Au sujet de la durée du service civil (1.5 fois celle du service militaire pour les soldats), la loi n'apportant aucune modification par rapport à la situation en vigueur, les attaques sont venues de la gauche et des écologistes. Estimant qu'une telle durée réintroduisait par la bande un élément punitif – ce qui allait à l'encontre du but principal de cette loi, à savoir la dépénalisation de l'objection de conscience – les députés écologistes et socialistes ont proposé d'abaisser le coefficient de 1.5 à 1.3, voire à 1.2. La majorité de la Chambre du peuple a néanmoins estimé que le coefficient proposé par la loi se justifiait, référence faite au moins grand confort de la vie en caserne. Elle a en outre fait valoir que la plus grande durée du service civil constituait une preuve par l'acte de l'authenticité de l'objection de conscience, preuve rendue d'autant plus nécessaire du fait de l'assouplissement des critères.

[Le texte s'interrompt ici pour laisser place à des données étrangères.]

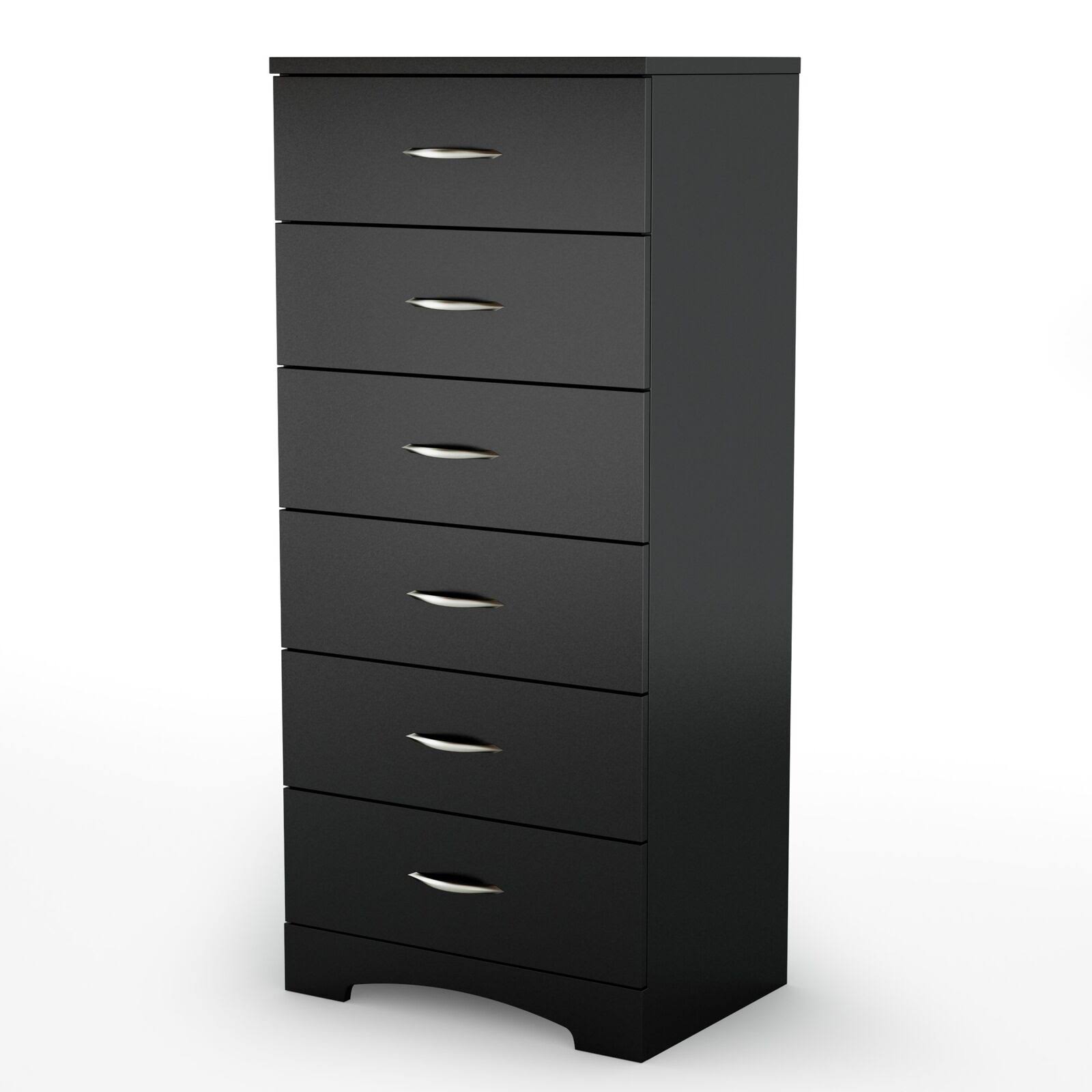 South Shore 6-Drawer Chest Dresser Storage Organizer Bedroom Furniture Modern Elegant Black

Le troisième pilier de la loi, celui concernant la procédure d'admission et prévoyant que les demandes seraient traitées par une commission civile, n'a pas fait, dans son principe, l'objet de discussions. La question du caractère obligatoire de l'audition devant cette commission fut en revanche débattu, certains députés bourgeois voulant supprimer de la loi la possibilité, certes exceptionnelle, de ne pas avoir à passer un examen de conscience, alors que d'autres, à l'image du socialiste Gross (ZH), voulaient supprimer toute audition. A ce sujet également, c'est la voie médiane proposée par le Conseil fédéral qui l'a emporté. Aussi, la seule modification relativement importante apportée par la Chambre du peuple a porté sur la possibilité de pouvoir effectuer son service civil à l'étranger. Craignant l'attrait d'«un service sous les palmiers», la majorité bourgeoise du Conseil national a en effet décidé de souligner, sur proposition de sa commission, le caractère exceptionnel de cette opportunité. Elle a en revanche rejeté une proposition Fehr (udc, ZH) visant à supprimer toute possibilité de service à l'étranger ainsi qu'une proposition Tschuppert (pdc, LU) demandant de limiter cette possibilité à l'aide en cas de catastrophe.